+++ Data for review +++

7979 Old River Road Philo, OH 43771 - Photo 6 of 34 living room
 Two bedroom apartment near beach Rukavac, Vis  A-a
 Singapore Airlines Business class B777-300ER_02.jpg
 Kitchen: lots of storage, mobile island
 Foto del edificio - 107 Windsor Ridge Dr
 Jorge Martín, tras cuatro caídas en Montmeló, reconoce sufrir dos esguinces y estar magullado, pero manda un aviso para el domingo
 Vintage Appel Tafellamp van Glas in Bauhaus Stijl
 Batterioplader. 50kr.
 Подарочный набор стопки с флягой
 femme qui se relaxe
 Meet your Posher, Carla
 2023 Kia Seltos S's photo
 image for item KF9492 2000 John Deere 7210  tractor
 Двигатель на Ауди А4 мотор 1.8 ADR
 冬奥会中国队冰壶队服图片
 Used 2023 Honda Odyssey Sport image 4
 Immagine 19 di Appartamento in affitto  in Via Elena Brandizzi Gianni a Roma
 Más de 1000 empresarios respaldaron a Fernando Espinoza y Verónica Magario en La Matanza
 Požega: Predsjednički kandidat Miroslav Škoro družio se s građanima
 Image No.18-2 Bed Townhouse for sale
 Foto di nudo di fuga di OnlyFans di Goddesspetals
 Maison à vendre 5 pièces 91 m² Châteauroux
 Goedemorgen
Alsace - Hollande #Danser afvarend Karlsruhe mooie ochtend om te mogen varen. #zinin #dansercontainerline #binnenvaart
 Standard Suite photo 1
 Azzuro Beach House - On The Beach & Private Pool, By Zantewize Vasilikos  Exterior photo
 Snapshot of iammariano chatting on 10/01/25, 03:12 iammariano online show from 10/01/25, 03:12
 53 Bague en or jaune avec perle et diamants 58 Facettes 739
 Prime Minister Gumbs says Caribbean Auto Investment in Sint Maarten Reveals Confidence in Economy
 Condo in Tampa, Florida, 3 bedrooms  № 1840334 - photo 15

+++

▸ **Exercise directions**
Repeat each of the records exactly as written.

▸ **Answer area**
7979 Old River Road Philo, OH 43771 - Photo 6 of 34 living room
 Two bedroom apartment near beach Rukavac, Vis  A-a
 Singapore Airlines Business class B777-300ER_02.jpg
 Kitchen: lots of storage, mobile island
 Foto del edificio - 107 Windsor Ridge Dr
 Jorge Martín, tras cuatro caídas en Montmeló, reconoce sufrir dos esguinces y estar magullado, pero manda un aviso para el domingo
 Vintage Appel Tafellamp van Glas in Bauhaus Stijl
 Batterioplader. 50kr.
 Подарочный набор стопки с флягой
 femme qui se relaxe
 Meet your Posher, Carla
 2023 Kia Seltos S's photo
 image for item KF9492 2000 John Deere 7210  tractor
 Двигатель на Ауди А4 мотор 1.8 ADR
 冬奥会中国队冰壶队服图片
 Used 2023 Honda Odyssey Sport image 4
 Immagine 19 di Appartamento in affitto  in Via Elena Brandizzi Gianni a Roma
 Más de 1000 empresarios respaldaron a Fernando Espinoza y Verónica Magario en La Matanza
 Požega: Predsjednički kandidat Miroslav Škoro družio se s građanima
 Image No.18-2 Bed Townhouse for sale
 Foto di nudo di fuga di OnlyFans di Goddesspetals
 Maison à vendre 5 pièces 91 m² Châteauroux
 Goedemorgen
Alsace - Hollande #Danser afvarend Karlsruhe mooie ochtend om te mogen varen. #zinin #dansercontainerline #binnenvaart
 Standard Suite photo 1
 Azzuro Beach House - On The Beach & Private Pool, By Zantewize Vasilikos  Exterior photo
 Snapshot of iammariano chatting on 10/01/25, 03:12 iammariano online show from 10/01/25, 03:12
 53 Bague en or jaune avec perle et diamants 58 Facettes 739
 Prime Minister Gumbs says Caribbean Auto Investment in Sint Maarten Reveals Confidence in Economy
 Condo in Tampa, Florida, 3 bedrooms  № 1840334 - photo 15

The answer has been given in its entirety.